Expert Rev Anti Infect Ther. 2019 Oct;17(10):775-785. doi: 10.1080/14787210.2019.1676730. Epub 2019 Oct 21.
: Unlike other hepatitis C virus (HCV) genotypes (GTs), patients infected with GT3 are associated with an increased risk of accelerated liver disease progression. Although early immuno-modulator therapies yielded moderate sustained virologic response (SVR) rates, treatment of GT3 patients has proven more challenging in the era of direct-acting antivirals (DAAs). : The review provides an overview of the evolution of therapies against GT3 since the approval of the first immunomodulatory agent nearly 30 years ago. : A greater choice of treatment options is now available for HCV GT3-infected patients. In treatment-naïve patients with or without compensated cirrhosis, SVR rates are comparably high approaching 100% irrespective of treatment option. For treatment-experienced patients, choosing the right therapy is important, especially for those with advanced liver disease. For the few patients who fail with multiple persistent highly resistant DAA substitutions, retreatment options are limited. Additional real-world treatment comparisons are required to confirm differences in SVR in these more difficult-to-treat patients. This also includes patients infected with GT3 subtypes such as GT3b where multiple DAA-resistant substitutions occur naturally. In the absence of new drugs with non-overlapping drug-resistant profiles, an interferon-based therapy may still be beneficial in select patient populations with high-level multiple DAA-resistant substitutions.

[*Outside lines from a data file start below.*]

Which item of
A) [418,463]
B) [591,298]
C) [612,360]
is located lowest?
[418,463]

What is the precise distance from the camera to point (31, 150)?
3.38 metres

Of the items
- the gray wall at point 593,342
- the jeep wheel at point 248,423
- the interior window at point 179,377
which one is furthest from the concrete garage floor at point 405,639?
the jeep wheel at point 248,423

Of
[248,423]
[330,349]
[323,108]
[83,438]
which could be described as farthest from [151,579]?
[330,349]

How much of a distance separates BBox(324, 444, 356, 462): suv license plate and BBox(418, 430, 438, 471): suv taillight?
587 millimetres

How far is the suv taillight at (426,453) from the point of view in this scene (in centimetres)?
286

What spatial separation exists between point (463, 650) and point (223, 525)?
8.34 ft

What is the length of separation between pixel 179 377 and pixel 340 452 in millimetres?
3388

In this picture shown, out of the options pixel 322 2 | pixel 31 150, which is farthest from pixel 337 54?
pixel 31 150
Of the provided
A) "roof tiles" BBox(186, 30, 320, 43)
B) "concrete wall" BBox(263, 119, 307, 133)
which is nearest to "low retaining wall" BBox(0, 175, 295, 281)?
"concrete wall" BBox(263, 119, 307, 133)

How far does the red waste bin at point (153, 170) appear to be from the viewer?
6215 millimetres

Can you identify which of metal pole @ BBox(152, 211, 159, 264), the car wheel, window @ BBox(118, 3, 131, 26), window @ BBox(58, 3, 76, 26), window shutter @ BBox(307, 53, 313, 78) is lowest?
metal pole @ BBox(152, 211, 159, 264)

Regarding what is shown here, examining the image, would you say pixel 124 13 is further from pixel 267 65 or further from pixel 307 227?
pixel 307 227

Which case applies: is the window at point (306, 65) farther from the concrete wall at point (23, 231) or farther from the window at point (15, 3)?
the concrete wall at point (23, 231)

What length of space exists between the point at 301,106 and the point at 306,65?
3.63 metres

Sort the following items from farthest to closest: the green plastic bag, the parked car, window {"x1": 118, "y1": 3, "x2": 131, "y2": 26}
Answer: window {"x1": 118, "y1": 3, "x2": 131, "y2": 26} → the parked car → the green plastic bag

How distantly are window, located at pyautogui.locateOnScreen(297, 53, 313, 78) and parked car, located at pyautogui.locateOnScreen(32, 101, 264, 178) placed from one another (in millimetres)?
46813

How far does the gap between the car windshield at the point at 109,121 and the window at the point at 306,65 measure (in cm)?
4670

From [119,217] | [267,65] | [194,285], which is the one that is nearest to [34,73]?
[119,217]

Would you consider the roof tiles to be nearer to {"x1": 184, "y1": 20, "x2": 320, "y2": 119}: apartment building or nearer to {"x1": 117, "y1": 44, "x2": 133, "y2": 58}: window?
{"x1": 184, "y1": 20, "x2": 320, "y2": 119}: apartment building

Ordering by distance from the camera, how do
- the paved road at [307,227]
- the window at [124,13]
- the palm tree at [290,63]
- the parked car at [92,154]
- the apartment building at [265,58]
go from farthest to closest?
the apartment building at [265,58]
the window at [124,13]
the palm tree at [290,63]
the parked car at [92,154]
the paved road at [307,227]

与其他丙型肝炎病毒(HCV)基因型(GT)不同,感染 GT3 的患者发生肝疾病加速进展的风险增加。虽然早期免疫调节剂治疗产生了中等程度的持续病毒学应答(SVR)率,但在直接作用抗病毒药物(DAA)时代,GT3 患者的治疗更具挑战性。
该综述概述了自近 30 年前批准首个免疫调节剂以来,针对 GT3 的治疗方法的演变。
现在,可供 HCV GT3 感染患者选择的治疗方案更多。在初治患者和伴有代偿性肝硬化的患者中,无论治疗方案如何,SVR 率均较高,接近 100%。对于治疗经验丰富的患者,选择正确的治疗方法很重要,特别是对于那些患有晚期肝病的患者。对于那些因多次持续高度耐药 DAA 替代而失败的少数患者,治疗选择有限。需要进行更多的真实世界治疗比较,以确认这些更难治疗的患者在 SVR 方面的差异。这还包括感染 GT3 亚型(如 GT3b)的患者,这些亚型天然存在多种 DAA 耐药替代。在没有具有非重叠耐药谱的新药的情况下,干扰素为基础的治疗在具有高水平多种 DAA 耐药替代的选定患者群体中仍可能有益。